Problem: Different latency or wait requirements. Real-time interrupt subroutines have different latency or wait-for-execution requirements than maintenance background routines. There is a natural tendency for the designer to make shorter strings for all program information to more simply handle the requirements of P1635 / 98MX execution faster interruption subroutines in real time. But reducing the lengths of the string for all program information can unnecessarily increase the storage capacity of the storage device to accommodate the increased amount of authentication information. Therefore, it would be desirable to communicate blocks of program information and associated authentication information in block chains, where different lengths of strings can be used to communicate different types of program information with different latency or wait requirements. Routines placed at lower address locations may have lower latency, while those at a higher address location on a storage device may have higher latency requirements.

Problem: General communication / storage latency requirements. While certain routines may have special considerations of latency or wait for execution, the latency may still be too much for certain applications. Consequently, a means must be explored to allow more efficient communication and more efficient storage of 1 program information.

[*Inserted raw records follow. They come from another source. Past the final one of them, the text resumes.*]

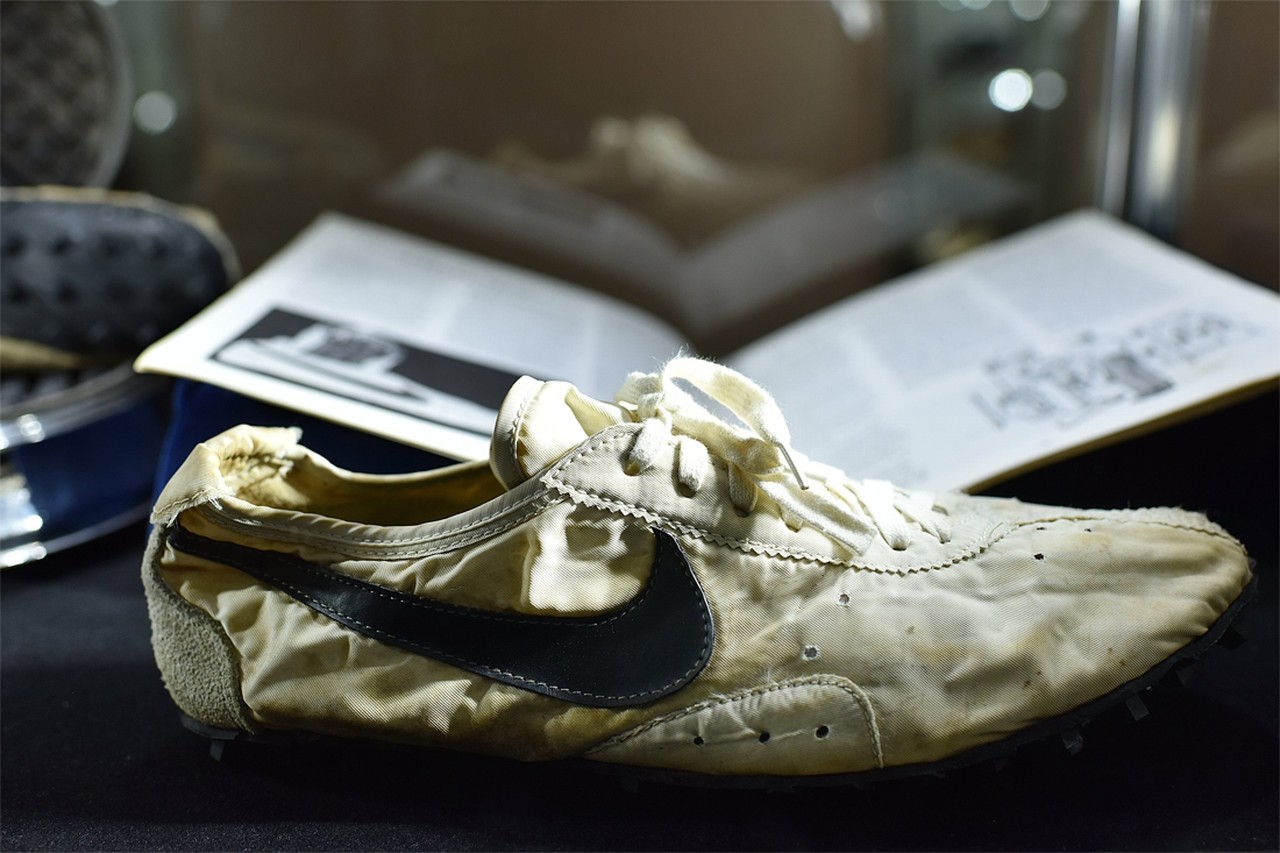 Terugroepen Perceptueel Haringen Oude schoen van Nike levert bijna 400.000 euro op | Gazet van Antwerpen  Mobile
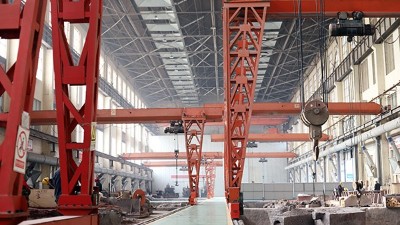 面對(duì)市場(chǎng)，2023的大型鑄鋼件廠家該怎么辦？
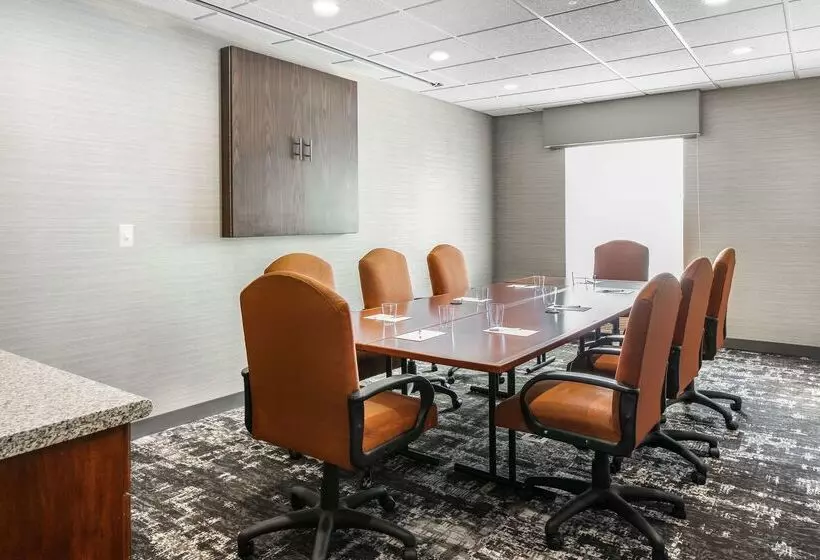 Otel Hampton Inn & Suites West Bend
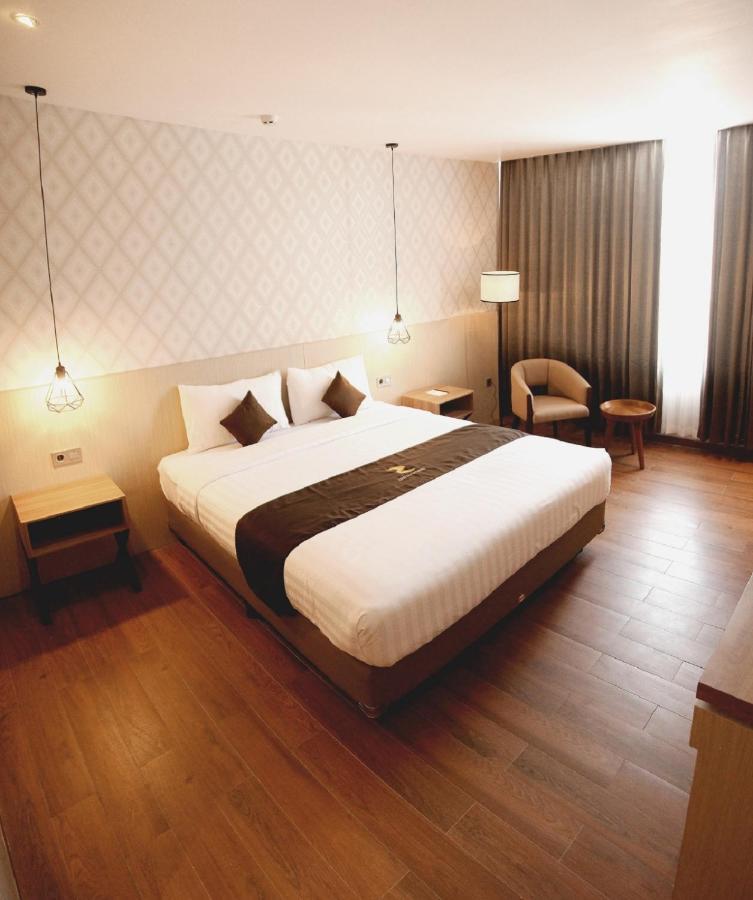 Zenith Premiere Hotel Baubau المظهر الخارجي الصورة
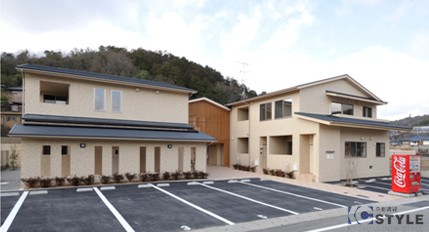 広い敷地に鉄筋コンクリートの2階建てと贅沢な建築物です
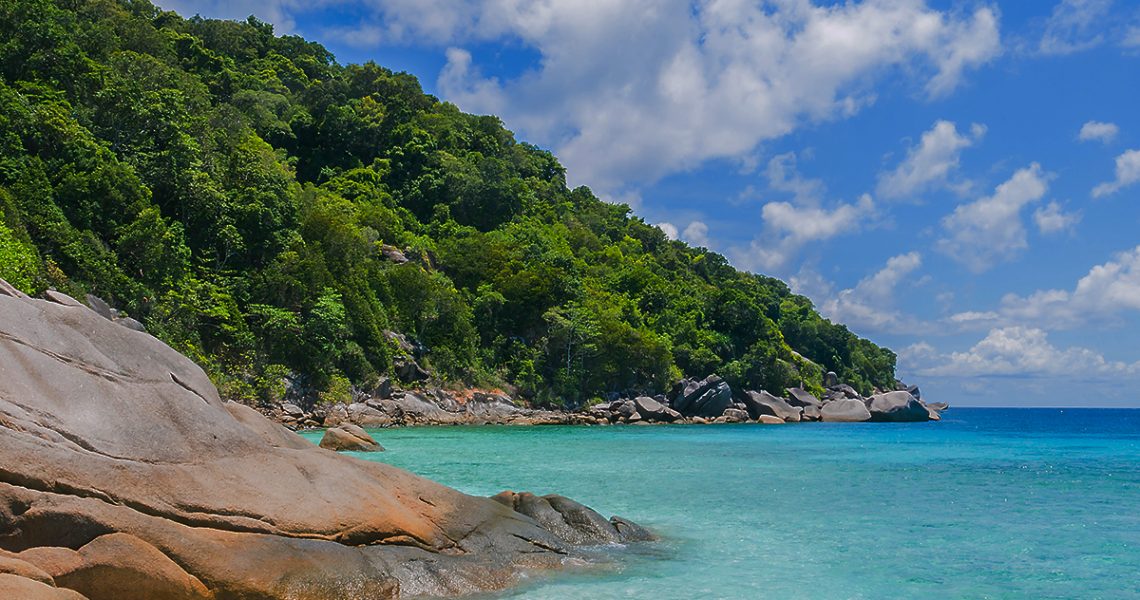 Descubra 3 praias com águas cristalinas no Espírito Santo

P1635 / 98MX It would be desirable to design certain features in the architecture of the communication medium, and the secure circuit in order to help reduce the latency of program information to help speed up execution.

Problem: Authentication / erification latency requirements. While certain routines may have special considerations of latency or wait for execution, the latency due to authentication / verification may still be too much for certain applications. Consequently, a means must be explored to allow more efficient authentication / verification. Therefore, it would be desirable to design certain features in the authentication / verification function to help reduce the latency of program information execution.

Problem: Latency requirements of encryption / decryption. While certain routines may have special considerations of latency or wait for execution, latency due to P16-.5 / 98MX encryption / decryption may still be too much for certain applications. Consequently, a means must be explored to allow more efficient encryption / decryption. Therefore, it would be desirable to design certain features in the encryption / decryption function to help reduce the latency of program information execution. The present invention provides a system having the above and other advantages.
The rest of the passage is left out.